(Data excerpts)

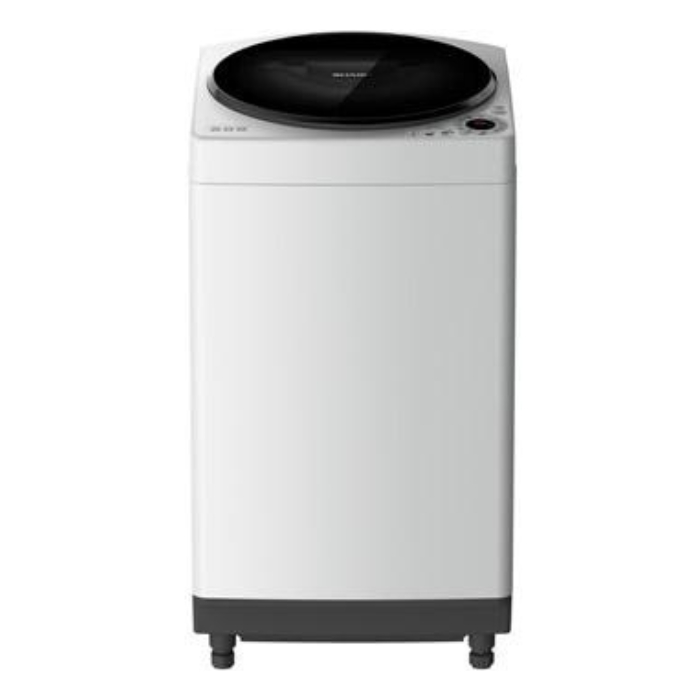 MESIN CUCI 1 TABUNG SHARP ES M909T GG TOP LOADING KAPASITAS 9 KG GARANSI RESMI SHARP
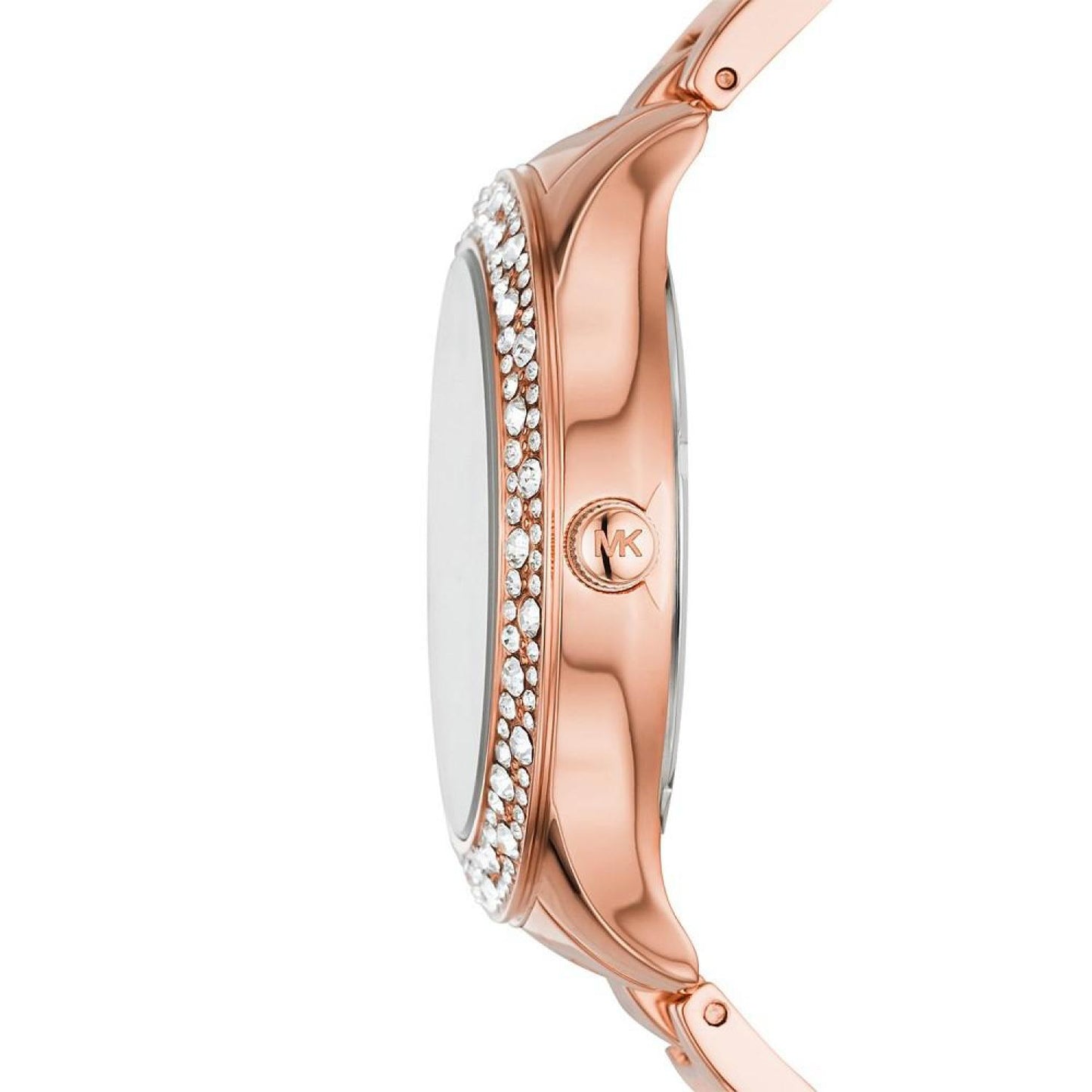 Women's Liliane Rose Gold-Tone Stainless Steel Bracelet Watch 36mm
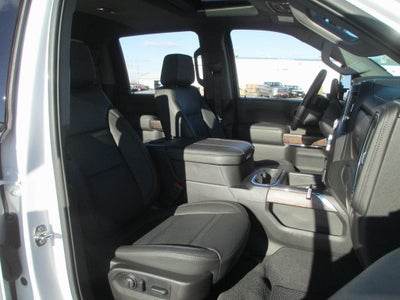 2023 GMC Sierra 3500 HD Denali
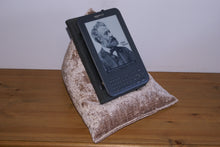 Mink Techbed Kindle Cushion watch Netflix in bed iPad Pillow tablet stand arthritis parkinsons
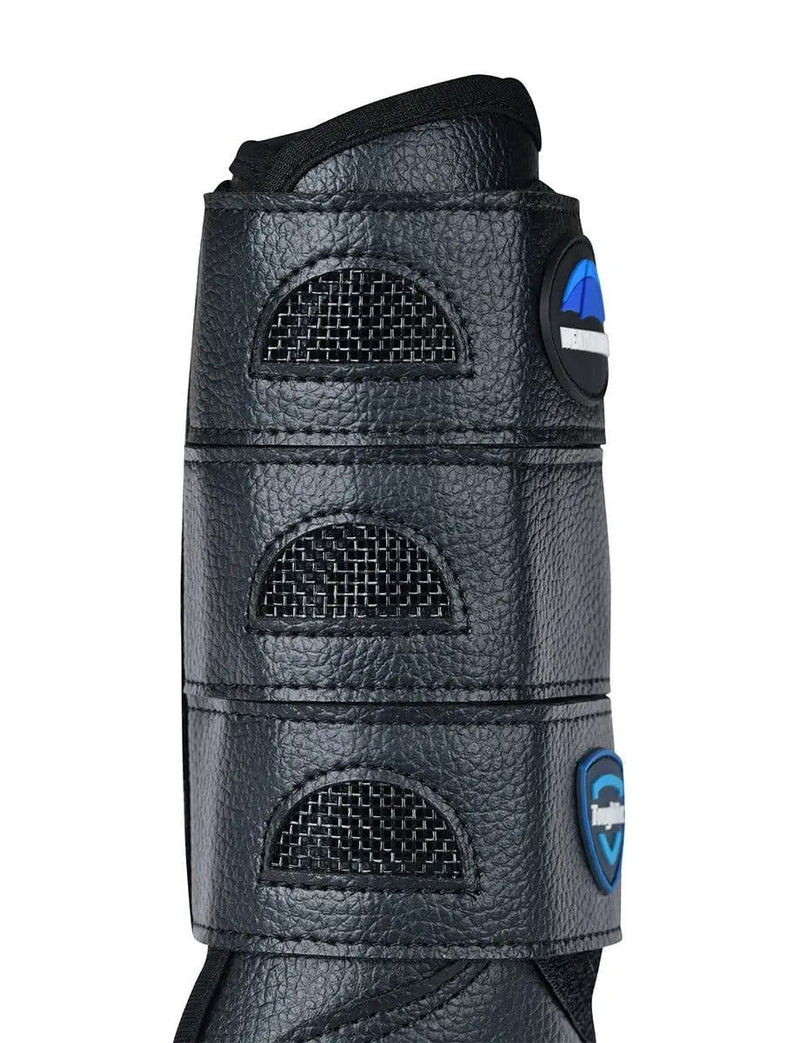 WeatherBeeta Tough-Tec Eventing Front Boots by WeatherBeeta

_Task objective_. For this exercise, set down exactly the lines that run from the line holding "Women's Liliane Rose" to the last line of the records above; include both end lines and omit pictures.

_Final answer_.
 Women's Liliane Rose Gold-Tone Stainless Steel Bracelet Watch 36mm
 2023 GMC Sierra 3500 HD Denali
 Mink Techbed Kindle Cushion watch Netflix in bed iPad Pillow tablet stand arthritis parkinsons
 WeatherBeeta Tough-Tec Eventing Front Boots by WeatherBeeta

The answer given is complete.